Há evidentemente uma problemática complexa, até urgente, à volta destas
questões, que traduz de modo contundente a brutalidade do impacto das dinâmicas
do capital na organização da vida de qualquer um de nós. Mas essa,
infelizmente, é apenas ocultada por todo o arraial de escândalo moralista e
cripto-reaccionário que se desenha à volta do desaparecimento da Lisboa
“autêntica”, ou pior, da Lisboa “Portuguesa” e dessa xenofobia “de esquerda”
que é o desprezo pelo turista, como se esse paradigma de subjectividade não
fosse transversal a esta pequeno-burguesia global. Essa “Lisboa verdadeira”,
que se está “a tornar irreconhecível”, não existe para lá de um quilómetro
quadrado no centro histórico da capital e o processo que a procura tornar
emblemática da cidade apenas serve a esconder a multiplicidade de locais,
realidades e culturas que constitui Lisboa. Este discurso serve, ainda, a
naturalizar todas as relações de exploração e de pobreza que já existiam, de
modo disseminado e óbvio, antes da chegada do turismo, como se a brutal
desigualdade social da cidade e dos seus inúmeros fogos sem infra-estruturas
higiénicas básicas fossem mais “naturais” e “desejáveis” do que um trabalho no
McDonald’s ou do que uma vida nos subúrbios, o pesadelo existencial de Catarina
e dos seus amigos. Por todo o choradinho que já se leu sobre a perda dos
“locais autênticos” de Lisboa ainda ninguém se lembrou de pensar em que
consequências terá tido no Bairro Alto, por exemplo, a chegada na década de 80
de uma classe média urbana emergente que obviamente tinha um poder de compra
superior à média da população local (e que aliás incluiu a abertura de um
McDonald’s, entretanto encerrado).
O “autêntico” é assim uma operação política.

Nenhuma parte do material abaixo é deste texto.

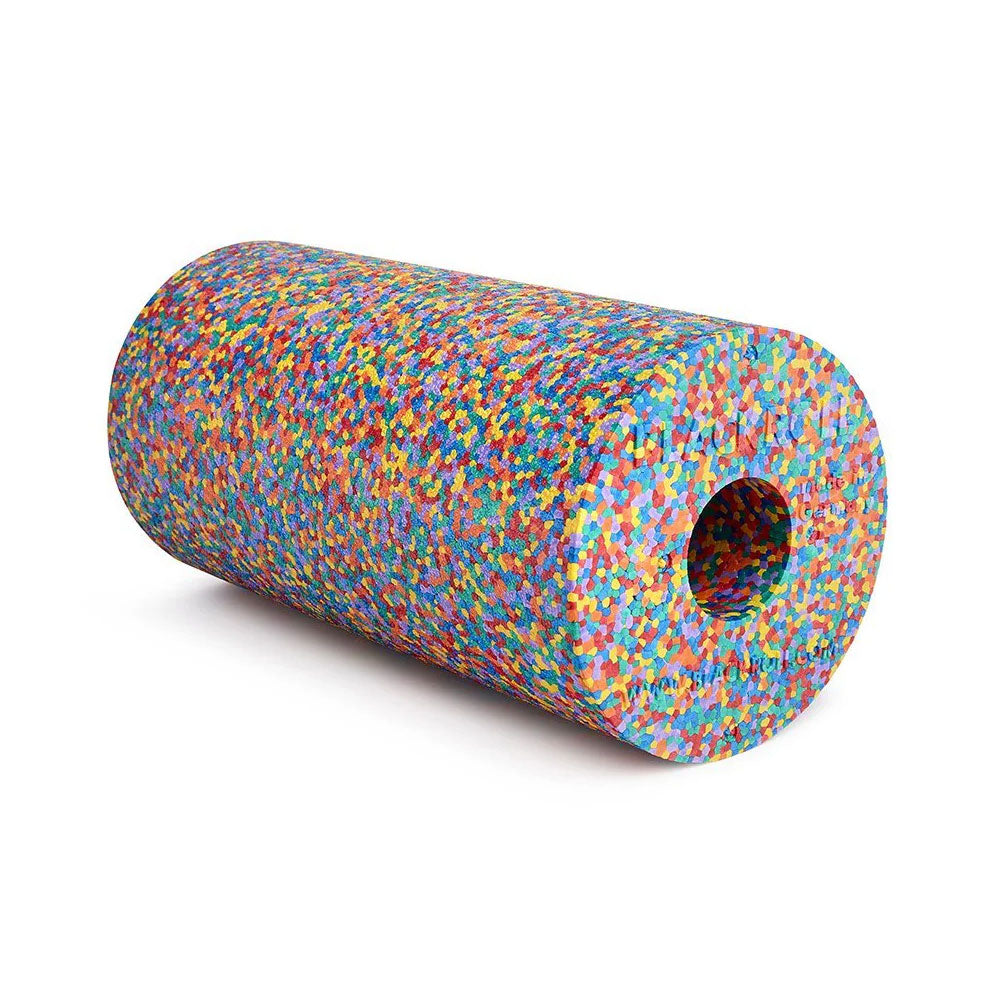 Rodillo de Espuma para Automasaje y Recuperación – Blackroll Standard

Quando dizemos que uma “tasca” é autêntica dizemos duas coisas: (1) que temos
enquanto naturais o tipo de actividade aí levado a cabo e (2) que reconhecemos
e legitimamos as relações sociais aí encenadas. O cerne da questão reside na
causalidade entre estas operações: é por nos parecer natural e normal um
determinado método de exploração que nos parece normal e natural um determinado
contexto social. A “Lisboa autêntica” é aquela onde um tipo de 70 anos nos traz
cervejas à mesa às três da manhã para ganhar pouco mais do que um salário
mínimo (aos sábados, porque “nós” a partir dos trinta já não saímos como
antes), e a “Lisboa descaracterizada” é aquela onde, durante a ressaca do dia
seguinte, um puto black de um bairro social nos dá um hambúrguer para
ganhar um pouco menos que um salário mínimo. A “Lisboa real” é aquela onde
mostro o meu portfólio a um cliente na tasca da Tia Alice (que ainda me chama
menina) e a “Lisboa descaracterizada” é aquela bomba de gasolina onde o pessoal
bebe cervejas porque o seu bairro não tem uma “tasca típica” (e que me mete um
pouco de medo, pelo menos até aparecer no Ipsilon). É por aqui que o barco da
indignação “cidadã” começa a meter água por todos os lados, já que aquilo que
era um “movimento cívico” é afinal, em toda a linha, apenas a defesa acrítica
de um privilégio de classe que deixa inalteradas as condições que criaram o
problema que pretende abordar.
Porquê acrítica? Por duas razões. Primeiro
porque camufla as questões materiais na origem da questão: a organização da
cidade segundo grelhas de valorização e as relações de poder aí naturalizadas. Segundo
porque não atenta no modo como esta situação decorre, em toda a linha, de uma
derrota da “esquerda”. Esta derrota é simultaneamente histórica e crítica.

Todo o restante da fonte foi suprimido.